EXERCISE REQUIREMENTS. Return exactly the lines that run from the one with "园丁在室外农田种植园拿着甜质朴的樱桃盒13秒视频" to the last line of the entries below, both included, and nothing else.
---
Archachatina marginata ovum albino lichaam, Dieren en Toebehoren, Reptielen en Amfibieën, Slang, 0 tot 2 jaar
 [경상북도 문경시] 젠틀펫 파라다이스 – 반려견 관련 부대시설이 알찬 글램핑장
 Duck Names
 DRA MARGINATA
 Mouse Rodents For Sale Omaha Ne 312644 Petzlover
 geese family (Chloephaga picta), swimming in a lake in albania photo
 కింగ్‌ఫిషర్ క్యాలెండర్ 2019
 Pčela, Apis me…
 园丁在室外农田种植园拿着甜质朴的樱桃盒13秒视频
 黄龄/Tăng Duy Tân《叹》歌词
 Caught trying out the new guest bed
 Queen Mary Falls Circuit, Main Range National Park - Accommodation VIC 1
---
EXERCISE SOLUTION.
 园丁在室外农田种植园拿着甜质朴的樱桃盒13秒视频
 黄龄/Tăng Duy Tân《叹》歌词
 Caught trying out the new guest bed
 Queen Mary Falls Circuit, Main Range National Park - Accommodation VIC 1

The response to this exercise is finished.